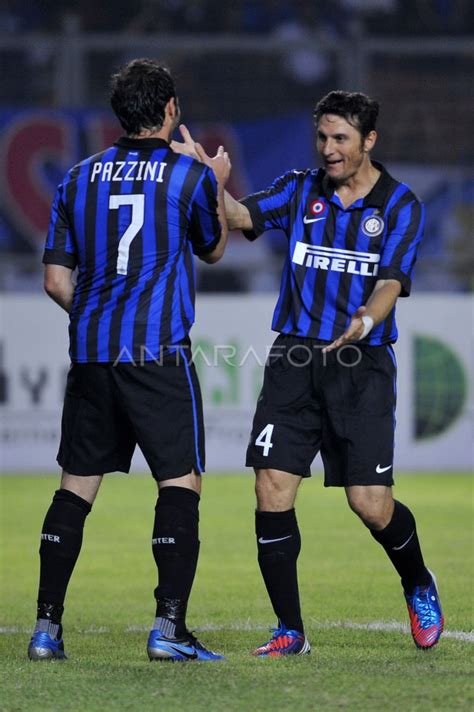 INTER MILAN LAWAN TIMNAS INDONESIA | ANTARA Foto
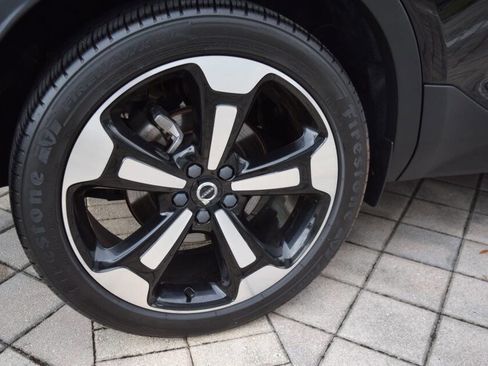 Used 2020 Volvo XC40 T5 Momentum w/ Protection Package Premier image 87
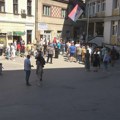 Cela užička opozicija stala u 84 čoveka: Fijasko protesta ispred policije, među njima i optuženi za napad na službeno lice…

☆ ☆ ☆ ☆ ☆ ☆ ☆

Exercise prompt: Copy every line above word for word and exclude the pictures.

Your response:
 INTER MILAN LAWAN TIMNAS INDONESIA | ANTARA Foto
 Used 2020 Volvo XC40 T5 Momentum w/ Protection Package Premier image 87
 Cela užička opozicija stala u 84 čoveka: Fijasko protesta ispred policije, među njima i optuženi za napad na službeno lice…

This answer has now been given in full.